New IATF 16949 requirements: Your FAQs Answered
By all accounts, the transition from ISO/TS 16949 to IATF 16949 has been a bumpy road so far. The standard encompasses a range of new requirements, including major changes to parent standard ISO 9001. Added to that, General Motors (GM) recently issued new customer-specific requirements that have significant implications for internal audits.
Many suppliers still have questions about what the new requirements are, what they should be doing to prepare and what auditors are looking to see. Time is running out, so it’s critical that organizations take action now to avoid any unnecessary delays or business interruptions due to certification issues.
What’s New in IATF 16949:2016?
IATF 16949 is an add-on to ISO 9001:2015, which recently underwent a major revision. ISO 9001 and IATF 16949 introduce a wide variety of new requirements for automotive suppliers, with some of the biggest changes focusing on:
- Management accountability: The new standard emphasizes management participation and accountability. Leadership needs to engage in regular review of data, managing action plans and evaluating key performance indicators (KPIs).
- Risk mitigation: IATF 16949 and ISO 9001 both focus extensively on risk. However, IATF 16949 goes further than ISO 9001 in terms of incorporating risk analysis into different processes. For example, preventive action no longer shows up in ISO 9001, while it is mandatory for IATF 16949.
- Embedded software: Product validation, warranty and troubleshooting processes will need to include assessment of embedded software, including for outsourced parts.
- Product safety: The latest version of the standard adds requirements for multi-level control plan and failure modes and effects analysis (FMEA) approval.
What’s the Difference Between Customer Requirements and Customer-Specific Requirements?
Manufacturers that certify to IATF 16949 must also comply with requirements outlined by customers. These requirements fall into two categories:
- Customer requirements are those specific to the order or product, such as a specific tolerance based on the OEM’s specification.
- Customer-specific requirements are requirements from original equipment manufacturers (OEMs) published as a supplement to IATF 16949.
General Motors (GM) recently released new customer-specific requirements mandating that suppliers conduct layered process audits (LPAs), a type of high-frequency audit to check key processes every shift. Fiat Chrysler also requires LPAs as part of its customer-specific requirements.
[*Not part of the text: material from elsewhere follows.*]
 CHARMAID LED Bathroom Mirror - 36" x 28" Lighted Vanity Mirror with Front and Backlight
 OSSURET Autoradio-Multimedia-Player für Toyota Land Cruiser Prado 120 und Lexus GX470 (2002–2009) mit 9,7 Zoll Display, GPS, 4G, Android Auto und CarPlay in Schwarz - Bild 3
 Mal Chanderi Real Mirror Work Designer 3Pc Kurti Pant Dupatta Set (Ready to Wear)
What Are Auditors Looking For?
Organizations can streamline the transition and avoid headaches by thinking like an auditor. That means focusing on documentation and performance, as well as demonstrating how management is actively engaged in quality efforts.
Auditors will want to see that you’re tracking key performance indicators (KPIs) for each process that specifically measure effectiveness and efficiency. Below are some examples organizations can apply to various processes, although the metrics you choose should reflect your goals and objectives.
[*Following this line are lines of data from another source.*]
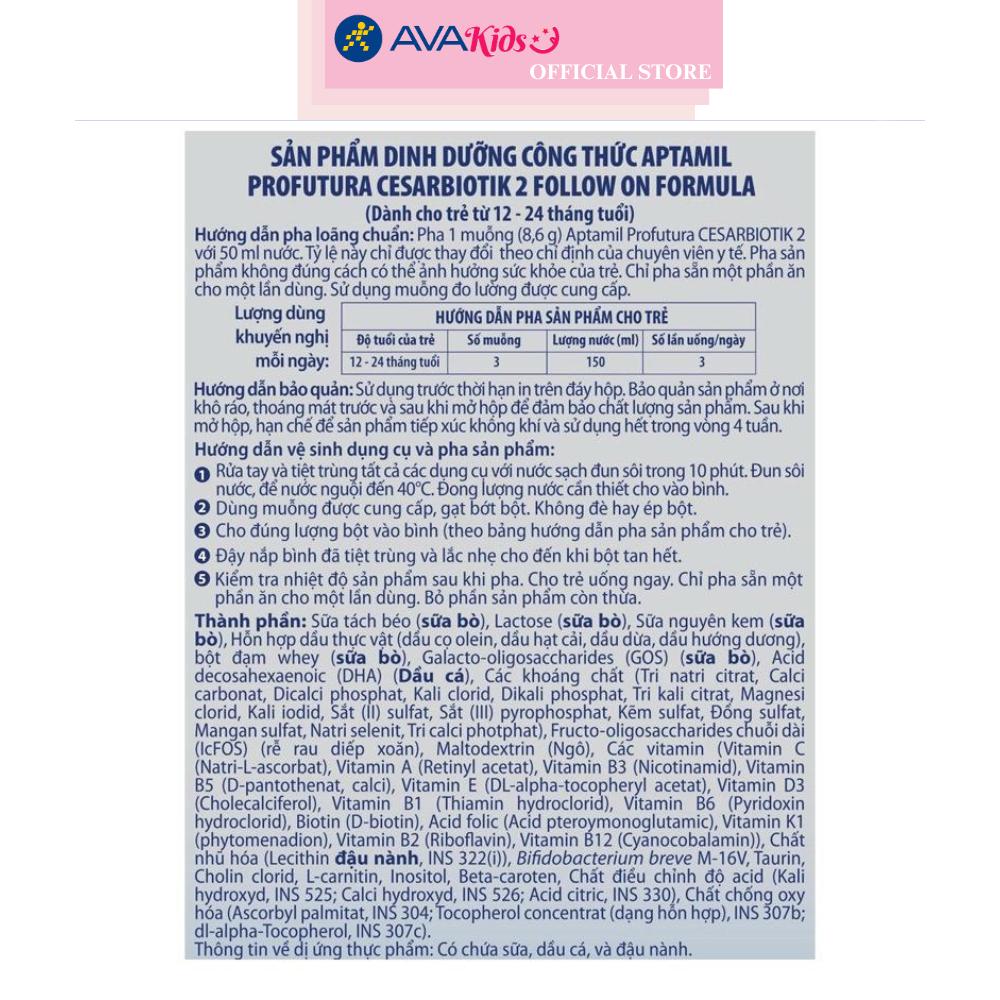 Sữa bột Aptamil Profutura Cesarbiotik số 2 800g (1 - 2 tuổi)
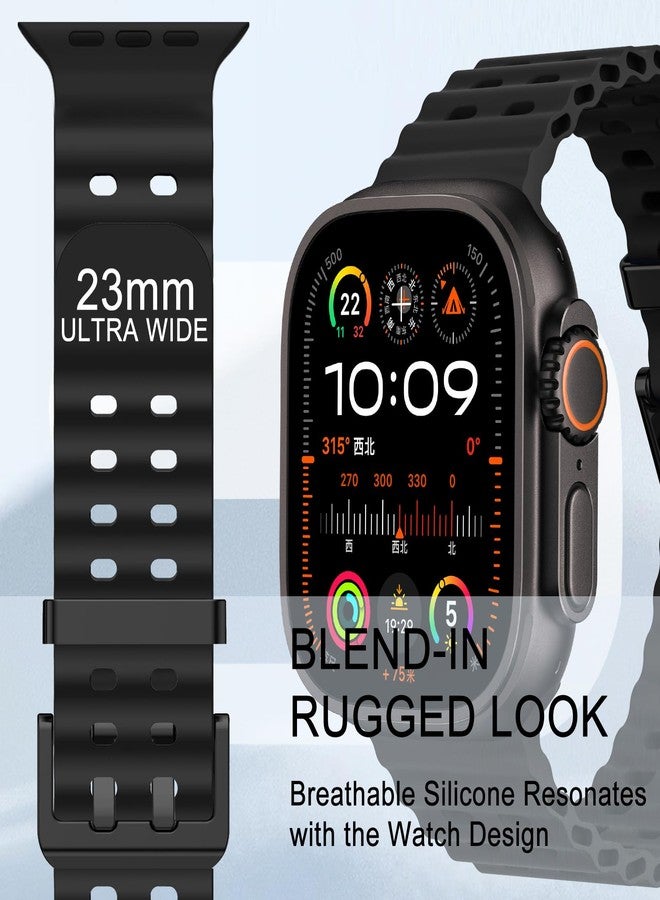 surundo Ocean Silicone Sport Band - Compatible with Apple Watch Ultra 2/Ultra Band 49mm 45mm 44mmm Men Women, Breathable Soft Waterproof Strap for iWatch Ultra 2, iWatch Ultra Series 10 46mm SE/9/8/7/6/5 - Image 3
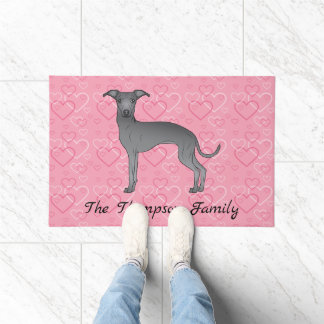 Blue Italian Greyhound Cute Dog On Pink Hearts Doormat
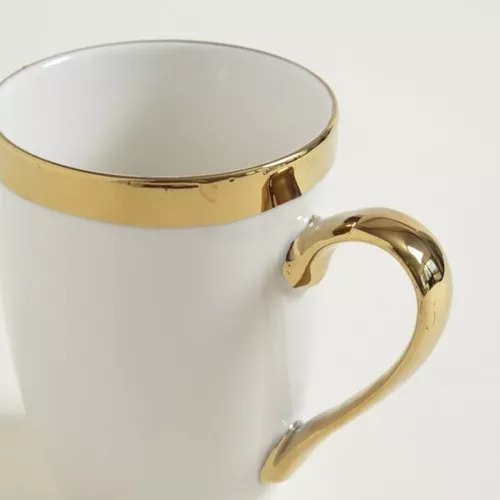 Taza Cerámica Asa Y Borde Dorado 10x8cm 380ml X6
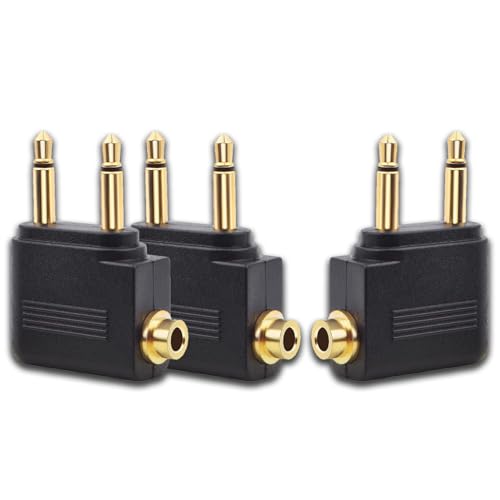 IZyufan 3 pezzi Adattatore per auricolari, Dual 3,5 mm Maschio a 3,5 mm Femmina Connettore placcato in oro (nero)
|PPM||Number of corrective action requests (CARs) overdue (e.g. 30 days, 60 days, 90 days).|
|Customer complaints||Average time to closure for CARs|
|Scrap||Number of repeat non-conformities in audits|
|Overall equipment effectiveness||Audit completion rates|
You can also expect auditors to ask about gap analysis results, internal audit findings and compliance with customer-specific requirements. Suppliers working with automotive manufacturers like GM and Fiat Chrysler will need to show how they are complying with LPA requirements. An automated audit platform is a distinct advantage here, allowing you to conduct mobile audits, access real-time data and document continuous improvement.
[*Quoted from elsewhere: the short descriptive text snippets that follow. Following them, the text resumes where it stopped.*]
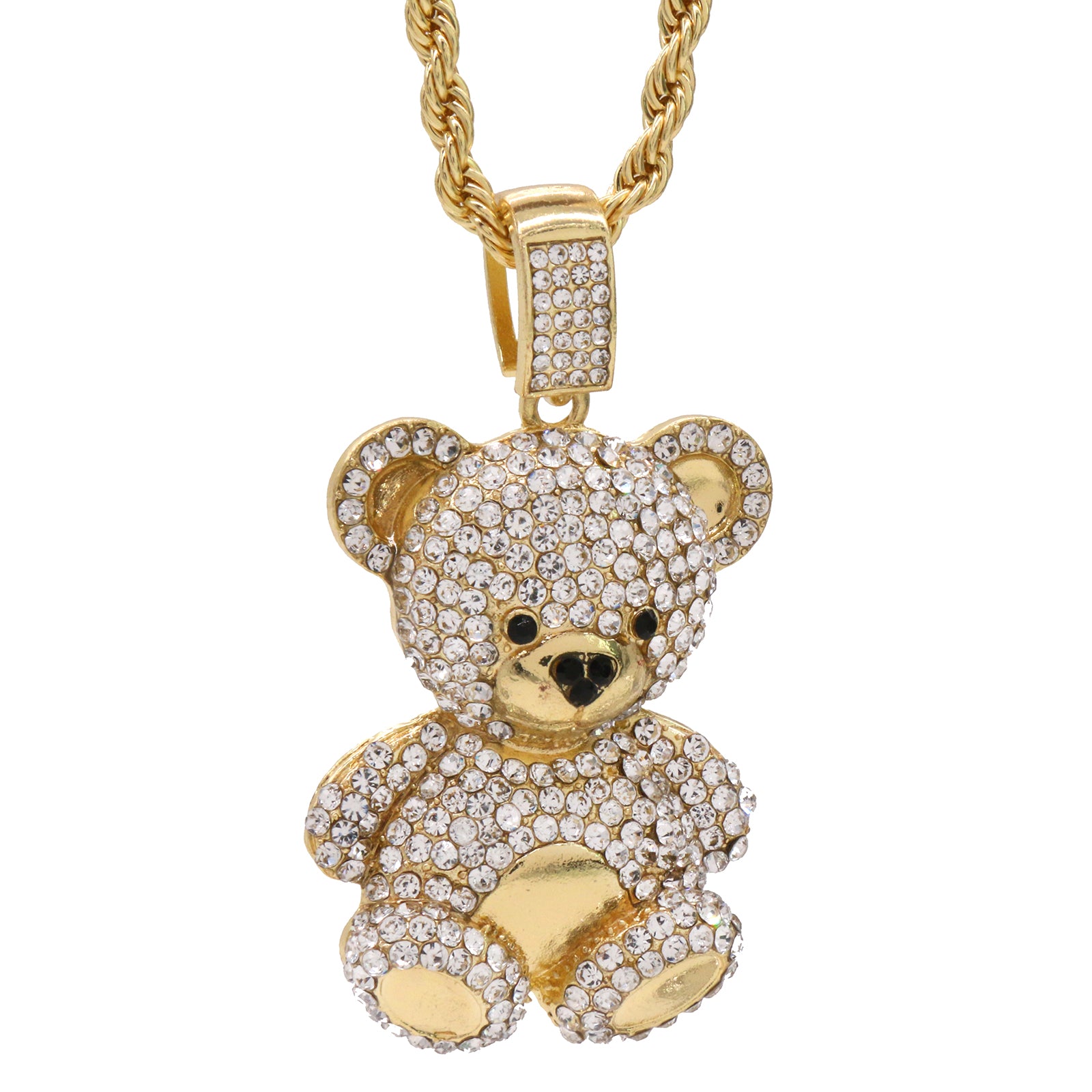 Cz Teddy Bear Pendant 24"Inch 4mm Rope Chain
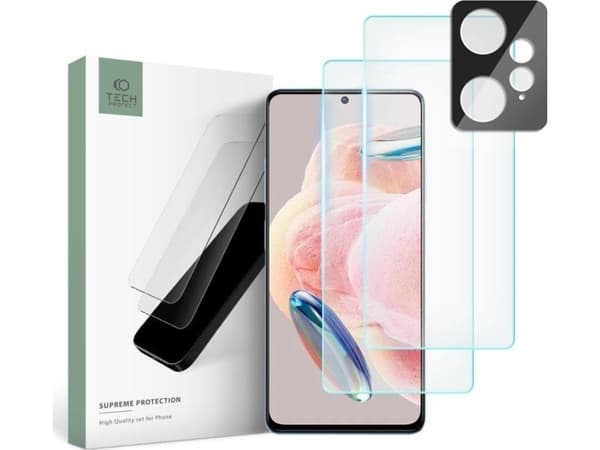 Tech-Protect Härdat glas + för kameralinser Tech-Protect Supreme Set Xiaomi Redmi Note 12 LTE Clear [2+1 PACK]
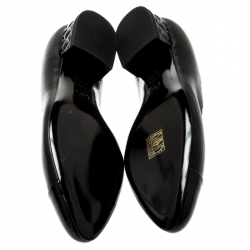 Pre Owned Chanel Black Leather CC Patent Cap Toe Pumps Size 37.5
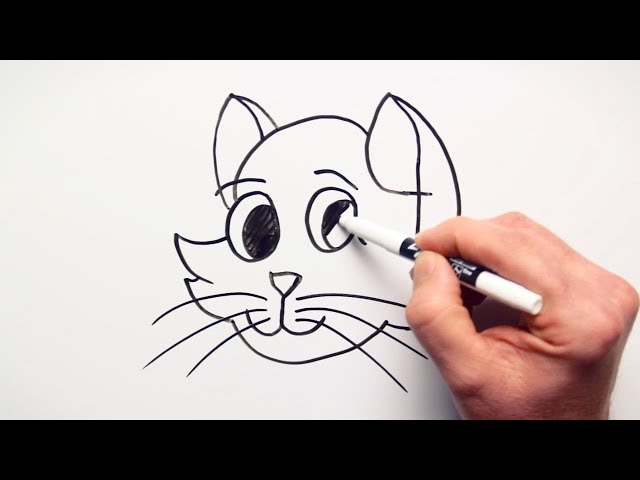 How to Draw a Cat - Drawing Doodle Words to Cartoon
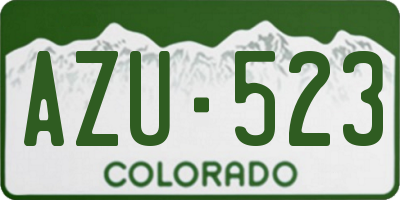 CO license plate AZU523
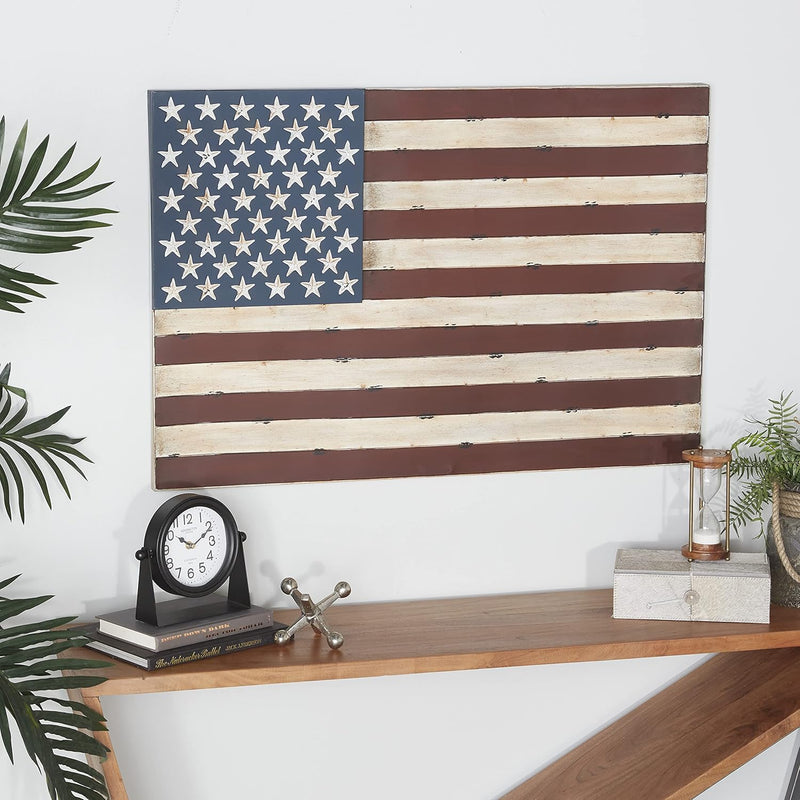 Metal American Flag Indoor Outdoor Wall Decor, 38" X 2" X 26", Red,Red/White/B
What Are IATF 16949 Compliance Deadlines?
After September 14, 2018, all ISO/TS 16949 certificates will officially expire. All audits must now be to the new standard, so there’s no recertifying to the old version.
While it may sound like a lot of time, there’s no time to waste if you’re just at the beginning of your transition journey. Key steps to take include:
- Obtaining copies of IATF 16949 as well as relevant customer-specific requirements
- Sending internal auditors for training
- Documenting your processes according to the standard
- Setting up KPIs and how you will track them
- Establishing effective internal audit programs to verify compliance
- Recording corrective action activities to demonstrate continuous improvement
Suppliers should aim to complete transition audits by June of 2018 to allow enough time to address and close out any non-conformities. Waiting too long could mean a certification delay that prevents you from doing business with OEMs. It’s a risk few companies can afford to take, and taking action now will give you peace of mind as deadlines get closer.